小泉 最初は、授業方法改善の研究でした。かつては、「英語学と英文学を学べば英語は教えられる」と考えられていました。しかし、1960年代以降、言語学者ノーム・チョムスキーの影響などにより、英語教育に認知科学の知見が取り入れられるようになりました。生まれたときから日本語漬けになっている子どもが英語に出合ったときに、彼らの頭の中に一体何が起きているのか、そういったことにまで着目しながら英語教育を展開すべきだという考え方になってきたのです。もちろん、この考えは英語だけでなく、すべての第二言語の教育についても当てはまります。

 そうしたなか、わたしは高校の英語教員として、「英語の文法を日本語で解説して、英文を和訳するというような授業は変えるべきではないか」と考えるようになっていきました。日本語に訳して「わかった」で終わらせるのではなく、「使える」ように教えるにはどうしたらいいのかと悩み、試行錯誤を続けました。

 そして1983年、32歳のときに、オーストラリアに1年間の研修に行く機会を頂きました。当時のオーストラリアは、ベトナム難民や移民を数多く受け入れ始めていた時期でした。そうした人たちが、生活のさまざまな場面でどのようなことばを必要としているかという観点から、英語教育が構築されつつあったのです。研修先では、英語を母語としない人に英語を教えるための考え方やプログラムについて学びました。人は「こういうとき、どうしたらいいのか」という状況のなかで、「こんなことを言いたい」と発想します。そうしたコミュニケーションのメカニズムを軸にした英語教育のカリキュラムを作らなくてはならないと、あらためて実感したのです。
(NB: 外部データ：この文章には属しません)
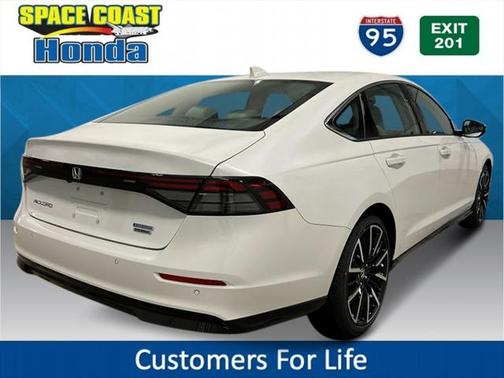 2025 Honda Accord Hybrid Touring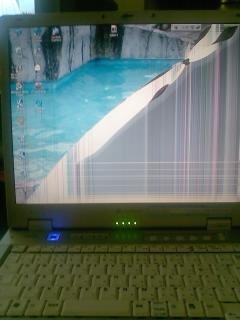 パソコンの画面が崩れてしまいました ノートパソコンのキーボー Yahoo 知恵袋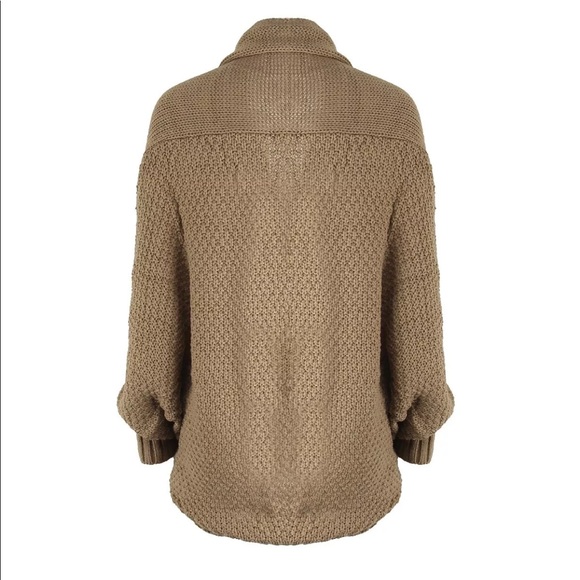SUPER DOOPER CUTE! OVERSIZED TAN SWEATER CARDIGAN - Picture 5 of 8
 とはいえ、日本に戻ると教科書は昔のままです。大学入試も「文法」「英文和訳」「和文英訳」を問う内容で、教え子たちも「小泉先生の教える英語は入試に使えるのか」と質問してくるなど、自分の指導法に相当迷った時期もありました。

広野 英語を英語のまま理解するのがいいのか、昔からの方法で日本語に逐一置き換えながら理解するのがいいのか、進学校をはじめとする中学・高校の現場でもいまだに悩んでいるようです。

小泉 ただ、ここ数年の間に大学入試の読解問題は非常に長くなりました。逐語訳をしていたらとても間に合いません。ですから、英語のままぱっと大意をつかむ練習をたくさんした受験生のほうが有利です。

変化をためらう日本の英語教育
将来を担う教員養成に力を注ぐ


サピックス小学部
教育情報センター 本部長
広野 雅明

広野 英語教育を変えるには相当なご苦労があったのではないでしょうか。

小泉 英語を英語で教えるノウハウについては、語学教育研究所という大正時代からある英語教育研究団体で学びました。そこで学んだのは、英語で行う授業というのは生徒が英語を使う授業だということでした。
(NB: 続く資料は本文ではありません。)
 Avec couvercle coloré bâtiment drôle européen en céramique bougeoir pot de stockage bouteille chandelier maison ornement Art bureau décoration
 そうしたなか、縁あって文部科学省の教科書調査官に就任しました。教科書調査官は、教科書の内容が学習指導要領に沿っているかなどをチェックするのが仕事です。それがきっかけで、教材研究に没頭し、大学院で修士号も取得しました。修士論文のテーマは日本の検定教科書の内容分析で、特にライティングの教科書がどのように組み立てられているのかに注目しました。当時の検定教科書は、ライティングといっても文法規則に沿って和文を英文に直すという内容のものがほとんどです。自分の言いたいことを英文にするためのテクニックや、英語で論理を展開するためのノウハウをきちんと載せている教科書はごくわずかでした。

 そうした視点が欠けている教科書には、学習指導要領が求める「自分の考えなどを整理して書く」という活動が不足しているとして、検定意見を付けて修正を求めたこともありました。それに対して、教科書会社側からは「指摘された内容に変更すると、教育の現場で使ってもらえない」と主張する声も上がってきます。検定教科書にさえ、学習指導要領が求めていることを反映させるのはなかなか容易ではなかったのです。

広野 日本の英語教育がなかなか変わらないのは、教科書の在り方、教育現場の考え方にも一因があったのですね。

小泉 教科書調査官としての14年間で英語教育の保守性をつくづく感じ、「この状況を打破するには、将来教員になる大学生から変える必要がある」と考え、大学で教えることにしました。大学の教員になってからは、英語の教え方についての研究を深めることが、いちばんの関心事となりました。振り返ってみると、英語教育学という看板のなかで、授業法研究、教材研究、それから教員養成、この三つがわたしの研究の柱だったのかなと思います。